Лизу он оставил с нами, предварительно взяв с меня клятву
глаз с нее не спускать.
– Та шо з нэю будэ, – пренебрежительно заметил
Тарасик. – Сопливка, трискай скоришэ! Запизнюемося чэрэз тэбэ!
И Петька умчался. Но буквально через минуту возник в дверях:
– Держи ее за руку! – крикнул он мне с тревогой в
лице. – Она такая маленькая, ее в кармане унесут! – и исчез.
До сих пор у меня перед глазами это лицо несуразного
подростка: длинная шея вытянута, в глазах – все сочиненные за минуту отсутствия
беды, – и он кричит через головы сидящих за столиками людей, пытаясь
взглядом еще раз нащупать, еще раз обласкать, оберечь медно-кудрявую головку…
Боюсь, что я очень многого о нем не знаю. Многого не могу
вообразить. Даже после откровеннейшего письма, написанного им в Томари, под
метельный шорох и свист. Например – как он жил там, на Сахалине, без объекта
своей маниакальной привязанности? Как тянулись для него эти зимы, осени, весны
– большая часть года? Как он справлялся с томительной неизвестностью, с этой
огромной прорехой в его жизни и его душе, о которой он, с его косноязычием, не
смог бы даже никому толком рассказать?.. И чем, черт побери, питалась эта
фантастическая верность?
Знаю только, что, поставив себе целью приезжать во Львов
каждое лето, он бросался на самые разные приработки: совсем пацаном разносил
почту, а повзрослев, находил сдельную работу на рыбных станах.

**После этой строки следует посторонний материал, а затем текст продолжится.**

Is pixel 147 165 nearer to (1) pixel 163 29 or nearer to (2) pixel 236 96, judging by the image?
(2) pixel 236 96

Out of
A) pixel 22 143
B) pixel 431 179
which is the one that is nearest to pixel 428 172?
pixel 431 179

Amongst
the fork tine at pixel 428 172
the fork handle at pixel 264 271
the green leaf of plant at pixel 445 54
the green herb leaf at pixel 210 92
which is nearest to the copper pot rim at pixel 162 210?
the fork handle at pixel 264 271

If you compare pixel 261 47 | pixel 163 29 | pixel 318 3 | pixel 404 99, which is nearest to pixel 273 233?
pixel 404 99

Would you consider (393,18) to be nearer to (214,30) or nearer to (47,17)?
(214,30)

Позже, когда мне пришлось стать лечащим врачом Лизы, когда
случилось все то, что случилось, – когда пролетела половина жизни, –
я много размышлял о них двоих. Что это было, вернее, что это есть – их навзрыд
и насмерть болезненная связь? И лишь недавно понял: всем нам – тем, кто
посмеивался над «слюнявой» Петькиной привязанностью, кто издевался над ним, кто
крутил пальцем у виска, – посчастливилось взрослеть под сенью возвышенной
и – сказал бы я теперь – трагической любви.

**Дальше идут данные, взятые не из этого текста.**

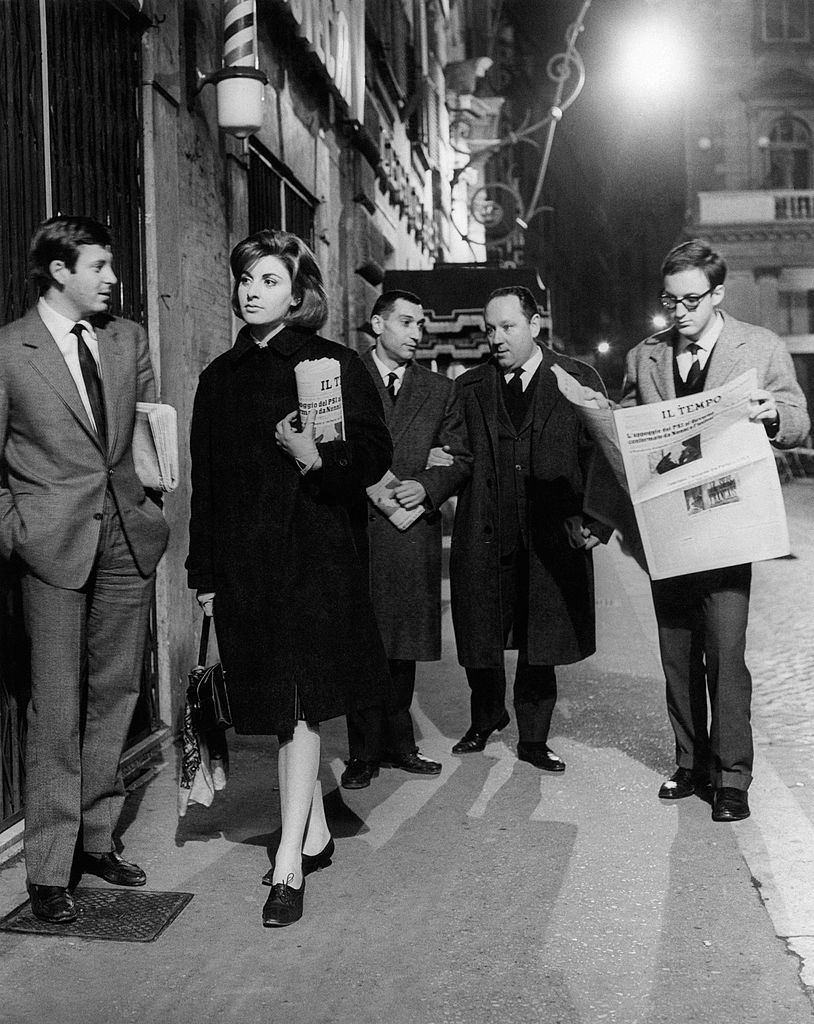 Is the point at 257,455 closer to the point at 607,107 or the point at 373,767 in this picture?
the point at 373,767

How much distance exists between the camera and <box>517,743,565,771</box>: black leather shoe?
220 inches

Короче, Лиза порядком попортила нам крови, особенно когда
стала подрастать. В детстве-то она была довольно забавной малышкой. Лет до пяти
Петька просто носил ее на закорках: подтягивал за руки (надо было видеть, с
каким доверчивым сиянием она вручала ему ладошки!), перехватывал в талии и перебрасывал
себе за спину, – это был у них отрепетированный номер: «Лиза: але-оп!» – и
так ходил, как верблюд, с вечными ее локотками на тощей шее, на какое угодно
расстояние, хоть целый день, – разве что в футбол с нею на спине не
играл, – беззаботно повторяя, что она легкая, как перышко. Если
требовалось ее как-то занять, ей просто покупали эскимо, и она весело и
покладисто грызла мороженое, роняя кусочки шоколада на Петькину шею.
* * *
И вдруг за какой-то буквально год – ей тогда исполнилось
четырнадцать – она из девчушки, из вечной малышки выросла в девушку. Роста
по-прежнему была миниатюрного, но совершенно преобразилась.

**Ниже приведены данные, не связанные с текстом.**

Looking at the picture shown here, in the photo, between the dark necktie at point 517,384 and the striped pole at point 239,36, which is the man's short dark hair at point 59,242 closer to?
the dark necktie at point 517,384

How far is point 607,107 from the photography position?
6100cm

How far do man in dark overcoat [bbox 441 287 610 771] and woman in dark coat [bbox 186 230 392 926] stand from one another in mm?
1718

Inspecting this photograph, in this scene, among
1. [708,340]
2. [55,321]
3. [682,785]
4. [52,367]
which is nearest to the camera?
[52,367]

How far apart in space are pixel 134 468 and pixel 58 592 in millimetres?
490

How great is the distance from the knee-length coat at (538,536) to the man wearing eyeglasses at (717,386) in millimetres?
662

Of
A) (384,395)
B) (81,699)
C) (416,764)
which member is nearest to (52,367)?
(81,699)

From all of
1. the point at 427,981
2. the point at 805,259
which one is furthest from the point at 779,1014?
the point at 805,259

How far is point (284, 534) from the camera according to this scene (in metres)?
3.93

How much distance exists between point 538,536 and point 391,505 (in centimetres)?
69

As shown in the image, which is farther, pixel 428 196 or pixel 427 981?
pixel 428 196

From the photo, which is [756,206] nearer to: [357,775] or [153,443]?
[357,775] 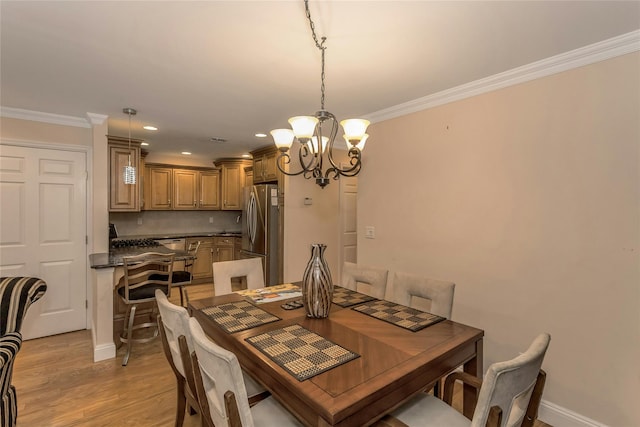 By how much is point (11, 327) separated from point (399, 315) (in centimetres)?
221

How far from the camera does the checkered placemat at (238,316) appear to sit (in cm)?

Тут надо бы вспомнить, что именно Петька в один из своих
приездов отвел ее на экзаменационный просмотр в балетную школу на улице
Жовтневой. Его тогда уговаривали не мучить сестричку, подождать годик, «бо вона
така махонька», но он пошел к директору и настоял на пересмотре решения
приемной комиссии. Сейчас это звучит фантастически, но так оно и было, он
добился этого: его упертость уже тогда потрясала даже взрослых. И Лизу приняли,
и Лиза делала известные успехи, и потом, будучи студенткой «Кулька»
(культурно-просветительского училища; там было неплохое хореографическое
отделение, уклон скорее в народные танцы, но Петька уверял, что «школу» дают
«классическую»), она танцевала в программе варьете на Высоком замке.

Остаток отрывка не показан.